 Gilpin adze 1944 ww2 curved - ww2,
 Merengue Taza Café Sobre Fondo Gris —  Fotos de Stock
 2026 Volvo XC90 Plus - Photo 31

* * *

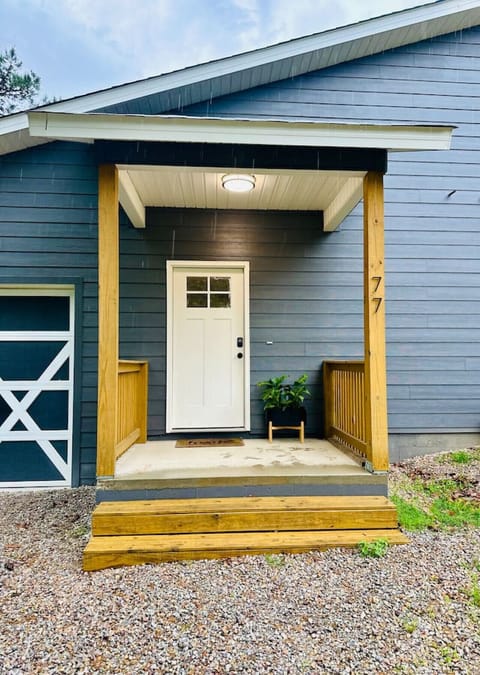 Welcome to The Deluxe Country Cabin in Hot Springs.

---

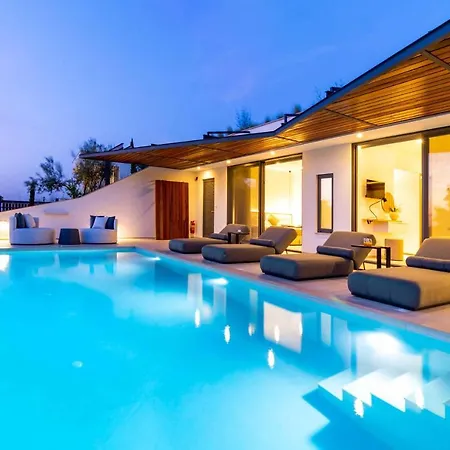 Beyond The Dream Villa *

Exercise directions:
Please copy the lines in the records above between the one holding "Merengue Taza Café" and the one holding "2026 Volvo XC90 Plus - Photo 31", inclusive, exactly and with no other line.

Response to the task:
 Merengue Taza Café Sobre Fondo Gris —  Fotos de Stock
 2026 Volvo XC90 Plus - Photo 31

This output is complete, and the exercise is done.